Dead Weather, Arctic Monkeys, Passion Pit and More Rescue a Muddy Day at Austin City Limits

October 5th, 2009 by J. Edward Keyes and Zac Crain Leave a reply »

With fat dark clouds lurking overhead, there was a sense at the beginning of Day Three of the Austin City Limits Festival that, if it rains again, we’re all doomed. It didn’t rain. But we were all doomed. By mid-afternoon, when the clouds had cleared for good the festival grounds metastasized into a fetid swamp, with a layer of mud on top of the mud, and a layer of lost or abandoned flip-flops on top of that.

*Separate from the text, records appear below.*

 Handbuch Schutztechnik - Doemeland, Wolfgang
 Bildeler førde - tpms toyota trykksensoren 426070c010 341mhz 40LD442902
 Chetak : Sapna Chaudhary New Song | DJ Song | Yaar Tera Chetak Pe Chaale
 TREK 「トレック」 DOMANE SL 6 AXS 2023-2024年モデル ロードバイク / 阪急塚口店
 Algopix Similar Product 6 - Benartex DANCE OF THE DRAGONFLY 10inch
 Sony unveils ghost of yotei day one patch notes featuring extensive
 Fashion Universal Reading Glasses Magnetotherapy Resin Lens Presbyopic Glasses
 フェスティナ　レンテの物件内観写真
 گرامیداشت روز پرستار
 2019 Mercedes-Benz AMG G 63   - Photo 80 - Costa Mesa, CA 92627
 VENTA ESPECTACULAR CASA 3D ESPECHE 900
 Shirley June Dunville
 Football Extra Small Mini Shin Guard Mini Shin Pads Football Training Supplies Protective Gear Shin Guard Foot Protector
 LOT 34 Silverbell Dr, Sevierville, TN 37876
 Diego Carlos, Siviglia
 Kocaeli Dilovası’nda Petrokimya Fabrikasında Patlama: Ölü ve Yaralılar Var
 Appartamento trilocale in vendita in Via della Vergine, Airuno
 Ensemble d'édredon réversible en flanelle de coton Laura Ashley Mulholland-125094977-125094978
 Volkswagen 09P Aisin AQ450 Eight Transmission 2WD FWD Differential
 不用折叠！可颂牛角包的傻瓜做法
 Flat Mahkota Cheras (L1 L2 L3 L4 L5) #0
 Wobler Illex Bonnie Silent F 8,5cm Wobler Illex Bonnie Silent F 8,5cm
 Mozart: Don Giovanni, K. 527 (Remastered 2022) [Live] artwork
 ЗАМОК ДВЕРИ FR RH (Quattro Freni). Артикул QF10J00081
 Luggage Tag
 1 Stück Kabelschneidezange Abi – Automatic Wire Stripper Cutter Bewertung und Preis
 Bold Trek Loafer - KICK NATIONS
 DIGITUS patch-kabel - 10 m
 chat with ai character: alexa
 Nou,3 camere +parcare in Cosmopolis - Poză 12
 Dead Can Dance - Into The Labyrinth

And yet, somehow, we survived, muddier, of course, but no worse for the wear. Black Joe Lewis & the Honeybears had plenty to do with that. The first set of the afternoon found Lewis, an R&B showman of the old school, blending grizzled blues riffs with Motown horn blasts for a set that at its best recalled Otis Redding or the old Stax Revues.

Experience Austin City Limits in our best live photos.

The B-52s‘ Kate Pierson and Cindy Wilson emerged in matching teal dresses, which clashed nicely with Pierson’s supernaturally orange hair. They stuck to a series of low-impact sock-hop dance moves, looking like twin Martian queens out of some old ’50s sci-fi movie. Fred Schneider mostly kept behind the microphone—he delivered his lines sternly, like an angry schoolmaster barking directions. Keith Strickland’s riffs (many of them obviously by late original guitarist Ricky Wilson) are still nasty, and on the best numbers—like “Mesopotamia”—they’re still the weirdest band around. Best line: Schneider introduced a totally fine version of “Love Shack” by saying, “And this is a song I learned at karaoke.” (Watch footage of the B’s and Heartless Bastards below.)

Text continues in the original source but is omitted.